The head of the model is used on top of the model class and relates the outputs of the Model Classes to the predicted variable. Currently four model heads are available: Regression, GMM, CMAL and UMAL. The latter three heads provide options for probabilistic modelling. A detailed overview can be found in Klotz et al. “Uncertainty Estimation with Deep Learning for Rainfall-Runoff Modelling”.

Regression

neuralhydrology.modelzoo.head.Regression provides a single layer regression head, that includes different activation options for the output. (namely a linear, relu and softplus).

It is possible to obtain probabilistic predictions with the regression head by using Monte-Carlo Dropout. Its usage is defined in the config.yml by setting mc_dropout. The sampling behavior is governed by picking the number of samples (n_samples) and the approach for handling negative samples (negative_sample_handling).

GMM

neuralhydrology.modelzoo.head.GMM implements a Gaussian Mixture Model head. That is, a mixture density network with Gaussian distributions as components. Each Gaussian component is defined by two parameters (the mean, the variance) and by a set of weights. The current implementation of the GMM head uses two layers. Specific output activations are used for the variances (torch.exp()) and the weights (torch.softmax()).

The number of components can be set in the config.yml using n_distributions. Additionally, the sampling behavior (for the inference) is defined with config.yml by setting the number of samples (n_samples), and the approach for handling negative samples (negative_sample_handling).

CMAL

neuralhydrology.modelzoo.head.CMAL implements a Countable Mixture of Asymmetric Laplacians head. That is, a mixture density network with asymmetric Laplace distributions as components. The name is a homage to UMAL, which provides an uncountable extension. The CMAL components are defined by three parameters (location, scale, and asymmetry) and linked by a set of weights. The current implementation of the CMAL head uses two layers. Specific output activations are used for the component scales (torch.nn.Softplus(2)), the asymmetries (torch.sigmoid()), and the weights (torch.softmax()). In our preliminary experiments this heuristic achieved better results.

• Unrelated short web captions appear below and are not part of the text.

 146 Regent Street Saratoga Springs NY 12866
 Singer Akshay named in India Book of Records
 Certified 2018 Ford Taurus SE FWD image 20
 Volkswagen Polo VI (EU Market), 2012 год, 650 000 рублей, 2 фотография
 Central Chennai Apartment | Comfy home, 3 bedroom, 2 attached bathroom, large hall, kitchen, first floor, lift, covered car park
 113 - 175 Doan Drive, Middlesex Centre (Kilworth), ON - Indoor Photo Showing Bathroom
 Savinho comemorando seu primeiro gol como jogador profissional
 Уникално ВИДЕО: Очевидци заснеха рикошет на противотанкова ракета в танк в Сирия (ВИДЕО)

The number of components can be set in the config.yml using n_distributions. Additionally, one can sample from CMAL. The behavior of which is defined by setting the number of samples (n_samples), and the approach for handling negative samples (negative_sample_handling).

UMAL

neuralhydrology.modelzoo.head.UMAL implements an Uncountable Mixture of Asymmetric Laplacians head. That is, a mixture density network that uses an uncountable amount of asymmetric Laplace distributions as components. The uncountable property is achieved by implicitly learning the conditional density and approximating it, when needed, with a Monte-Carlo integration, using sampled asymmetry parameters. The UMAL components are defined by two parameters (the location and the scale) and linked by a set of weights. The current implementation uses two hidden layers. The output activation for the scale has some major differences to the original implementation, since it is upper bounded (using 0.5*torch.sigmoid()).

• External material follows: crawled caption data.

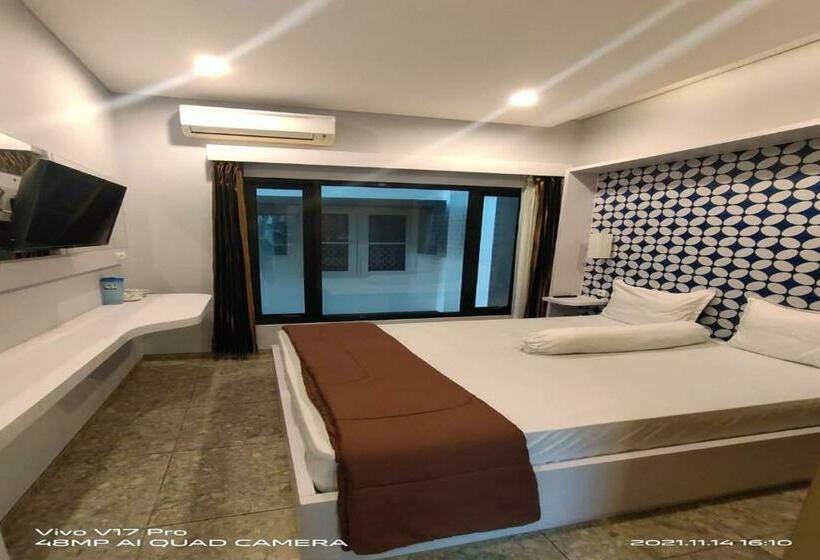 ペンション May Kost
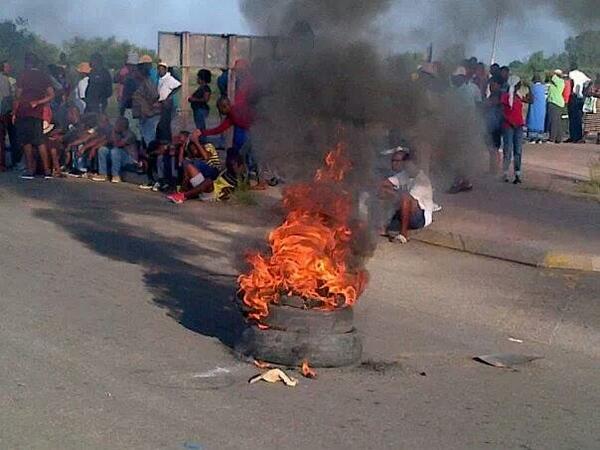 Betogers in Mothutlung naby Brits het glo die pad met brandende bande versper Foto: @bemol79/Twitter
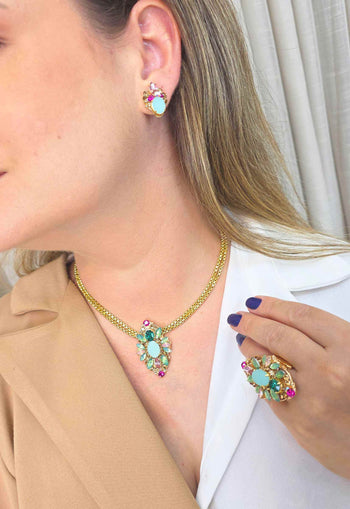 Colar Glaura: Com Pingente Oval de Pedras Coloridas e Venezianas no Dourado | Look de Festa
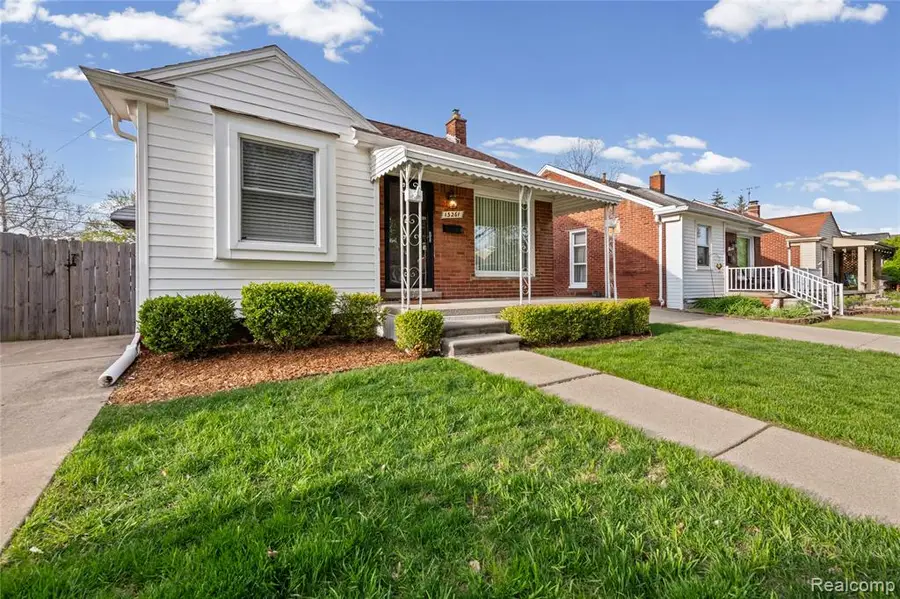 13261 Ward, Southgate, MI 48195 - #2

During inference the number of components and weights used for the Monte-Carlo approximation are defined in the config.yml by n_taus. The additional argument umal_extend_batch allows to explicitly account for this integration step during training by repeatedly sampling the asymmetry parameter and extending the batch by n_taus. Furthermore, depending on the used output activation the sampling of the asymmetry parameters can yield unwarranted model behavior. Therefore the lower- and upper-bounds of the sampling can be adjusted using the tau_down and tau_up options in the config yml. The sampling for UMAL is defined by choosing the number of samples (n_samples), and the approach for handling negative samples (negative_sample_handling).

Model Classes

BaseModel

Abstract base class from which all models derive. Do not use this class for model training.

ARLSTM

neuralhydrology.modelzoo.arlstm.ARLSTM is an autoregressive long short term memory network (LSTM) that assumes one input is a time-lagged version of the output. All features (x_d, x_s, x_one_hot) are concatenated and passed to the timeseries network at each time step, along with a binary flag that indicates whether the autoregressive input (i.e., lagged target data) is missing (False) or present (True). The length of the autoregressive lag can be specified in the config file by specifying the lag on the autoregressive input. Any missing data in the autoregressive inputs is imputed with appropriately lagged model output, and gradients are calculated through this imputation during backpropagation. Only one autoregressive input is currently supported, and it is assumed that this is the last variable in the x_d vector. This model uses a standard pytorch LSTM cell, but only runs the optimized LSTM one timestep at a time, and is therefore significantly slower than the CudaLSTM.

CudaLSTM

neuralhydrology.modelzoo.cudalstm.CudaLSTM is a network using the standard PyTorch LSTM implementation. All features (x_d, x_s, x_one_hot) are concatenated and passed to the network at each time step. If statics/dynamics_embedding are used, the static/dynamic inputs will be passed through embedding networks before being concatenated. The initial forget gate bias can be defined in config.yml (initial_forget_bias) and will be set accordingly during model initialization.

CustomLSTM

neuralhydrology.modelzoo.customlstm.CustomLSTM is a variant of the CudaLSTM that returns all gate and state activations for all time steps. This class is mainly implemented for exploratory reasons. You can use the method model.copy_weights() to copy the weights of a CudaLSTM model into a CustomLSTM model. This allows to use the fast CUDA implementations for training, and only use this class for inference with more detailed outputs. You can however also use this model during training (model: customlstm in the config.yml) or as a starter for your own modifications to the LSTM cell. Note, however, that the runtime of this model is considerably slower than its optimized counterparts.

EA-LSTM

neuralhydrology.modelzoo.ealstm.EALSTM is an implementation of the Entity-Aware LSTM, as introduced in Kratzert et al. “Towards learning universal, regional, and local hydrological behaviors via machine learning applied to large-sample datasets”. The static features (x_s and/or x_one_hot) are used to compute the input gate activations, while the dynamic inputs x_d are used in all other gates of the network. The initial forget gate bias can be defined in config.yml (initial_forget_bias). If statics/dynamics_embedding are used, the static/dynamic inputs will first be passed through embedding networks. The output of the static embedding network will then be passed through the input gate, which consists of a single linear layer.

EmbCudaLSTM

Deprecated since version 0.9.11-beta: Use CudaLSTM with statics_embedding.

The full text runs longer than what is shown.